According to one embodiment, each user system 512 and all of its components are operator configurable using applications, such as a browser, including computer code run using a central processing unit such as an Intel Pentium® processor or the like. Similarly, system 516 (and additional instances of an MTS, where more than one is present) and all of their components might be operator configurable using application(s) including computer code to run using a central processing unit such as processor system 517, which may include an Intel Pentium® processor or the like, and/or multiple processor units. A computer program product embodiment includes a machine-readable storage medium (media) having instructions stored thereon/in which can be used to program a computer to perform any of the processes of the embodiments described herein. Computer code for operating and configuring system 516 to intercommunicate and to process webpages, applications and other data and media content as described herein are preferably downloaded and stored on a hard disk, but the entire program code, or portions thereof, may also be stored in any other volatile or non-volatile memory medium or device as is well known, such as a ROM or RAM, or provided on any media capable of storing program code, such as any type of rotating media including floppy disks, optical discs, digital versatile disk (DVD), compact disk (CD), microdrive, and magneto-optical disks, and magnetic or optical cards, nanosystems (including molecular memory ICs), or any type of media or device suitable for storing instructions and/or data. Additionally, the entire program code, or portions thereof, may be transmitted and downloaded from a software source over a transmission medium, e.g., over the Internet, or from another server, as is well known, or transmitted over any other conventional network connection as is well known (e.g., extranet, VPN, LAN, etc.) using any communication medium and protocols (e.g., TCP/IP, HTTP, HTTPS, Ethernet, etc.) as are well known. It will also be appreciated that computer code for implementing embodiments can be implemented in any programming language that can be executed on a client system and/or server or server system such as, for example, C, C++, HTML, any other markup language, Java™, JavaScript, ActiveX, any other scripting language, such as VBScript, and many other programming languages as are well known may be used, (Javami is a trademark of Sun Microsystems, Inc.).
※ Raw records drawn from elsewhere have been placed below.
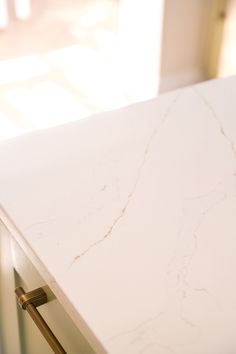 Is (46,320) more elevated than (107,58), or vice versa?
(107,58)

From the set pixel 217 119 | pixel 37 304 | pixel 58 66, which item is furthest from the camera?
pixel 58 66

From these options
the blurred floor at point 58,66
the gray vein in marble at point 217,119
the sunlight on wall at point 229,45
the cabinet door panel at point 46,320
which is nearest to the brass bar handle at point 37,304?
the cabinet door panel at point 46,320

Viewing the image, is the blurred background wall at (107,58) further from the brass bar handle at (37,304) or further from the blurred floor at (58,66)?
the brass bar handle at (37,304)

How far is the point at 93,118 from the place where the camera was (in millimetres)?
1031

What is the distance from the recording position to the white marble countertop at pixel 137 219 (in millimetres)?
639

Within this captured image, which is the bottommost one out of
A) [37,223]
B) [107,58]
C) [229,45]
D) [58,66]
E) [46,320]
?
[46,320]

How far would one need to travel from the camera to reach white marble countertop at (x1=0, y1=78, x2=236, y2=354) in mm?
639

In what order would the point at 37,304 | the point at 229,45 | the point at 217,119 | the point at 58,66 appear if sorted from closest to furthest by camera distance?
1. the point at 37,304
2. the point at 217,119
3. the point at 229,45
4. the point at 58,66

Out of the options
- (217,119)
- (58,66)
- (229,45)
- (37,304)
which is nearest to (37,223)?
(37,304)

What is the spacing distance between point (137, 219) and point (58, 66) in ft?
8.61

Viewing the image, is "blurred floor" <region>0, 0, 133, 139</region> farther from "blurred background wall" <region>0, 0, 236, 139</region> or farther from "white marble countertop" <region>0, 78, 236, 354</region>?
"white marble countertop" <region>0, 78, 236, 354</region>

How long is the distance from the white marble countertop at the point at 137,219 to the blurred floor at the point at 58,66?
5.66ft

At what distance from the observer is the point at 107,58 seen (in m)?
3.37

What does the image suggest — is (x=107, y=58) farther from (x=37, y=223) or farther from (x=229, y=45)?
(x=37, y=223) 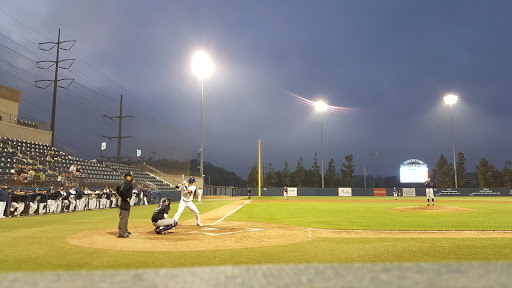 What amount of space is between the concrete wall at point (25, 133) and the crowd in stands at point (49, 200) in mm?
13545

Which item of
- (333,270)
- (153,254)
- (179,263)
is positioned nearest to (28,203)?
(153,254)

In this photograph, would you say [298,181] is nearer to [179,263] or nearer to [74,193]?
[74,193]

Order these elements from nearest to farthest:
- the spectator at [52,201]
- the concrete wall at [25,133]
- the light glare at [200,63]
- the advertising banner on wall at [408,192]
Answer: the spectator at [52,201]
the concrete wall at [25,133]
the light glare at [200,63]
the advertising banner on wall at [408,192]

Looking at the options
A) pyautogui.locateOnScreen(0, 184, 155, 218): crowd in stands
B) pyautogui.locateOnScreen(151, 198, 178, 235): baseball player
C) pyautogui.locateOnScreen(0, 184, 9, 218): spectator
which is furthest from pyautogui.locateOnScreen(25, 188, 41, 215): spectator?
pyautogui.locateOnScreen(151, 198, 178, 235): baseball player

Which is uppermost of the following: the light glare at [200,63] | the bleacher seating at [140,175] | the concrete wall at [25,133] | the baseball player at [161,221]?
the light glare at [200,63]

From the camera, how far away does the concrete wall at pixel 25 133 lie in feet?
100

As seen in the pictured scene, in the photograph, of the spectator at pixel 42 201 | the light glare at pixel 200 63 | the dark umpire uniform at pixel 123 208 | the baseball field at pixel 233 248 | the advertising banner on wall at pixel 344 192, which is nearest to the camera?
the baseball field at pixel 233 248

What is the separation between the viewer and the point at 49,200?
62.3 feet

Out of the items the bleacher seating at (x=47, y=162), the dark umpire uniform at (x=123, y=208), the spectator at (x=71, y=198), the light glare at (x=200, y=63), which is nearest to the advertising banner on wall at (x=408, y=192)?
the light glare at (x=200, y=63)

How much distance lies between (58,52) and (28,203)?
25.2 metres

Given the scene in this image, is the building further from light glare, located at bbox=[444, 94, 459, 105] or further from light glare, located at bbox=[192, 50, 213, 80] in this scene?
light glare, located at bbox=[444, 94, 459, 105]

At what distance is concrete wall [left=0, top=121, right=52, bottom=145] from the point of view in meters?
30.5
According to one embodiment, each system 516 is configured to provide webpages, forms, applications, data and media content to user (client) systems 512 to support the access by user systems 512 as tenants of system 516. As such, system 516 provides security mechanisms to keep each tenant's data separate unless the data is shared. If more than one MTS is used, they may be located in close proximity to one another (e.g., in a server farm located in a single building or campus), or they may be distributed at locations remote from one another (e.g., one or more servers located in city A and one or more servers located in city B). As used herein, each MTS could include one or more logically and/or physically connected servers distributed locally or across one or more geographic locations. Additionally, the term “server” is meant to include a computer system, including processing hardware and process space(s), and an associated storage system and database application (e.g., OODBMS or RDBMS) as is well known in the art. It should also be understood that “server system” and “server” are often used interchangeably herein. Similarly, the database object described herein can be implemented as single databases, a distributed database, a collection of distributed databases, a database with redundant online or offline backups or other redundancies, etc., and might include a distributed database or storage network and associated processing intelligence.

FIG. 6 also illustrates environment 510. However, in FIG. 6 elements of system 516 and various interconnections in an embodiment are further illustrated. FIG. 6 shows that user system 512 may include processor system 512A, memory system 512B, input system 512C, and output system 512D. FIG. 6 shows network 514 and system 516. FIG. 6 also shows that system 516 may include tenant data storage 522, tenant data 523, system data storage 524, system data 525, User Interface (UI) 630, Application Program Interface (API) 632, PL/SOQL 634, save routines 636, application setup mechanism 638, applications servers 600₁-600_N, system process space 602, tenant process spaces 604, tenant management process space 610, tenant storage area 612, user storage 614, and application metadata 616. In other embodiments, environment 510 may not have the same elements as those listed above and/or may have other elements instead of, or in addition to, those listed above.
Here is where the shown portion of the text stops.